I’m in the early stages of my font design and was wondering how does one create a Hpyhen, Em or En Dash? Obviously it varies from designer to designer, but I was wondering if there were techniques or particular rules to created the correct width of these characters.
The hyphen is the shortest and thickest of the three, usually also the lowest, and should fit nicely between letters, because it is supposed to connect letters.
emdash and endash have the same height and thickness, and significantly longer than the hyphen, emdash clearly the longest. As a rule of thumb, you can make emdash about as wide as two zeros, because in some orthotypographies, it is its only function to replace 19,00 with 19,—.
Good to know, I haven’t heard about that before.
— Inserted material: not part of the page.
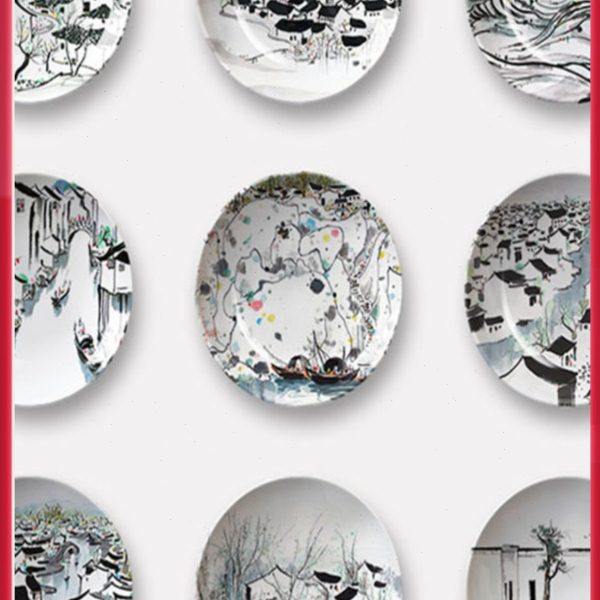 江南水乡挂盘吴冠中国画艺术盘山水写意装饰挂盘创意挂盘墙面装饰,家居饰品,工艺画,淘宝优惠券,粉丝福利购,淘宝优惠卷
The downside of that, if you want to do it consistently, there should be an em dash matching tabular old style zeros as well.
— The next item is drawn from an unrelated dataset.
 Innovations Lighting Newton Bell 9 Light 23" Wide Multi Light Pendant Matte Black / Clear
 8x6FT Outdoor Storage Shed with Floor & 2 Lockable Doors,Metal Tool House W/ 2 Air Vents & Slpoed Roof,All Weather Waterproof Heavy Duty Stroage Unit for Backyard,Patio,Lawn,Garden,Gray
My personal approach is a bit more traditional: the em dash width equals the height of the body (commonly 1000 or 2048 units). The en dash would be half of the em width.
In most German typographic traditions (and I assume those of most other European languages), the emdash has no use, except for replacing tabular 00 after a comma. You ought to be able to find that in every other German-language book on typography. Not sure if there are English-language resources.
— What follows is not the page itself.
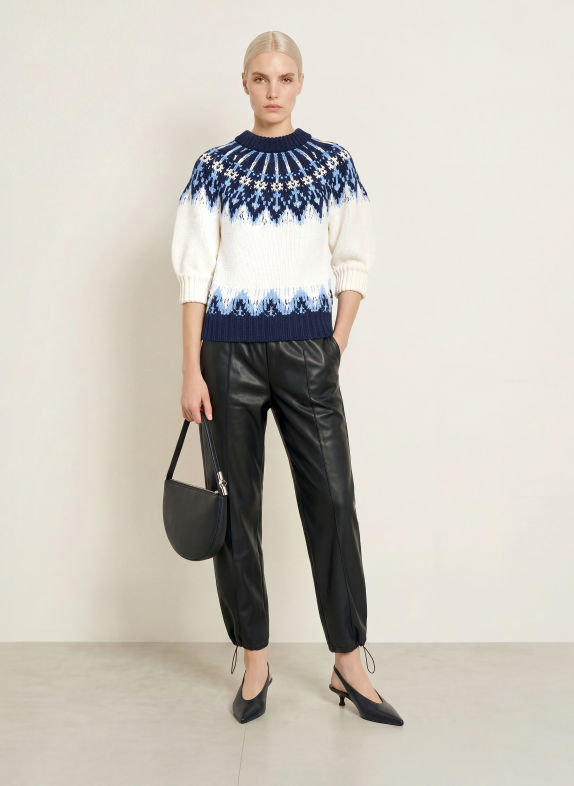 Rich & Royal Sweater with 3/4-length sleeves DARK BLUE / LIGHT BLUE / WHITE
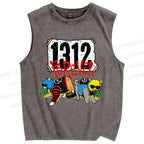 Unisex Criminal Cats Printed Washed Tank Top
Thanks for that explanation. I am only familiar with English typography.
In my search for the information I did come across the Figure Dash, U+2012, which many if not most fonts do not include. I can see where that would be valuable so I intend to begin including it, zero sidebearings.
Well… In Czech typesetting dash can be represented either by endash or by emdash. During the period of letterpress, emdash was far more frequent than endash. I randomly checked 10 books in my library from this era and 9 out of 10 books are using emdash!
In the early days of digital typography dashes were often replaced by hyphens (partly because of software limitations, partly because of the people who used computers were not trained professionals). Typographic experts (including me) called for better typography; we wrote books about proper typesetting, asked publishers to follow the old traditions etc. It was worth it. The majority of newspapers, magazines or books now use correct quotes or dashes. With one change: emdash. The standard form is now endash, nevertheless emdash is considered correct as well and some typographic purists prefer it.
I knew just the Karen Cheng story behind these characters:
Historically, the widths of the hyphen and dashes are fractions of
an em. An em is a unit equal to the point size; for example, an em
in a 16-point typeface is 16 points wide. The hyphen is a quarter
em, the en dash is half an em, and the em dash is (of course) a full
em. In the official Unicode standards, this is still noted as the preferred
design1 (see Sabon, which follows these guidelines).
However, type is set tighter today than in the past, and therefore
many designers adjust these glyphs to be shorter, especially in
sans-serif typefaces. In general, the hyphen is roughly the width of
the lowercase i, but this varies. The goal is to make the hyphen long
enough to clearly join or separate words, but not so long that it can
be confused with an en dash.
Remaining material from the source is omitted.